Active Learning

Published

October 15, 2022

Maximum performance

Claire and Phil aren’t on the same page with their plan.

They want to train a machine learning model but want to minimize the number of samples they need to label. Labeling takes too long, and they want to avoid it as much as possible.

Claire argues that they don’t need to train with the entire dataset. Instead, she believes they can maximize the model’s performance without using all the data.

Phil disagrees. He argues that the only way to achieve the maximum possible performance is to train with the entire dataset. Since they aren’t willing to label all the data, they will need to settle for a mediocre model.

What’s your opinion about this situation?

  • Achieving the maximum possible performance without using the entire dataset is theoretically possible but very unlikely.

  • They can achieve the maximum possible performance without using the entire dataset by randomly sampling a portion of the data, labeling it, and training the model.

  • They can achieve the maximum possible performance without using the entire dataset, but they need a good strategy to sample the data they will label to train the model.

  • They will never achieve the maximum possible performance without using the entire dataset.

Answer

With active learning, we can build a model that will achieve better performance with fewer labeled samples by allowing the algorithm to choose the data that will provide the most information to its training process.

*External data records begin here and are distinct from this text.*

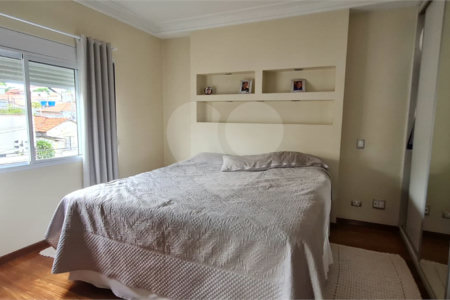 Sobrado à venda com 4 quartos, sendo 1 suíte, em Jabaquara, São Paulo, SP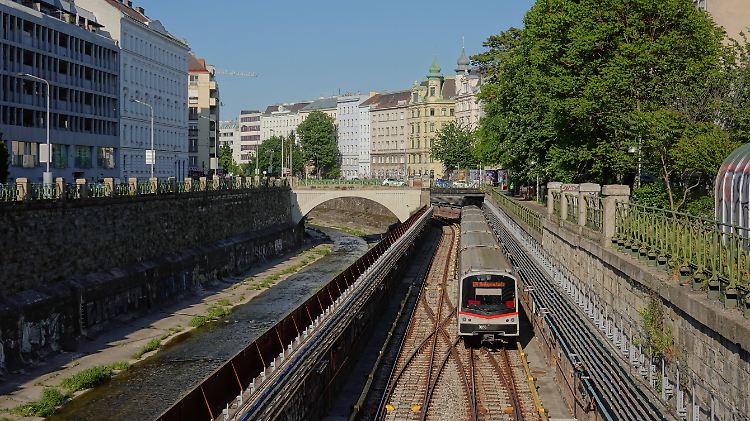 "Um Gottes willen, das ist viel zu gefährlich, das braucht Wien nicht", hatte es zum Baubeginn der U-Bahnlinien in Österreichs Hauptstadt geheißen.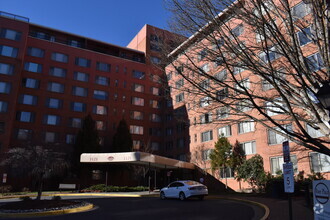Building Photo - 1121 Arlington Blvd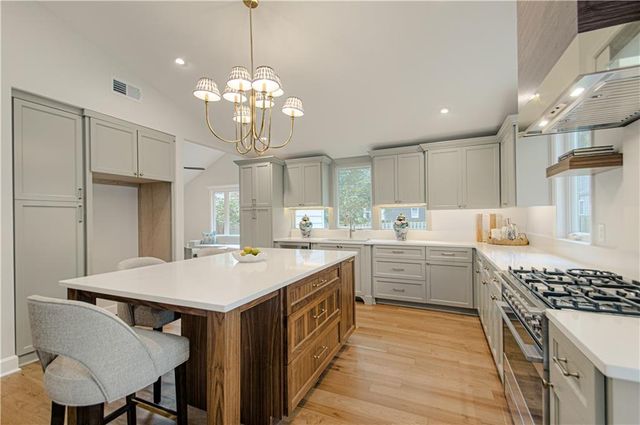 4113 W 67th Street, Prairie Village, KS 66208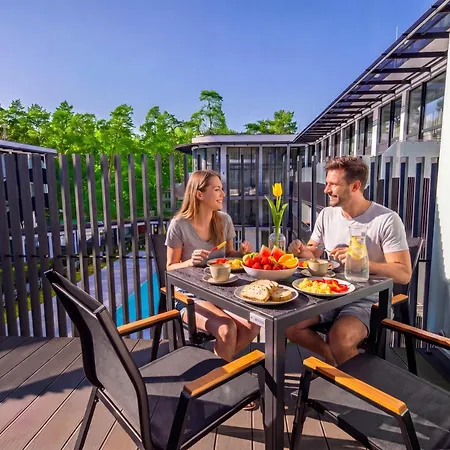 Brzozowa 4 Sauna, Jacuzzi, Basen, Taras, Blisko Plazy Apartamento *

Claire and Phil do not need to use the entire dataset to build a model that reaches its maximum possible performance. However, they will need a smart strategy to select the data they need to label.

Let’s imagine a dataset with two classes that we can represent in two dimensions and a linear model that splits the data into two groups. Any samples around the lines’ boundaries that separate both classes are critical in our dataset. Those samples help the model decide how to split the data!

But what about samples far away from the split? They contribute much less to the model, and we don’t need them to find the separation between classes. The same happens with duplicate samples or samples that are too similar to existing ones.

Claire and Phil, however, can’t depend on randomly sampling the dataset to decide which instances to label. They need a better strategy to determine which samples to pick.

This scenario is an example of Active learning. This learning technique allows us to build a better-performing machine learning model using fewer training labels by strategically choosing the samples to train the model.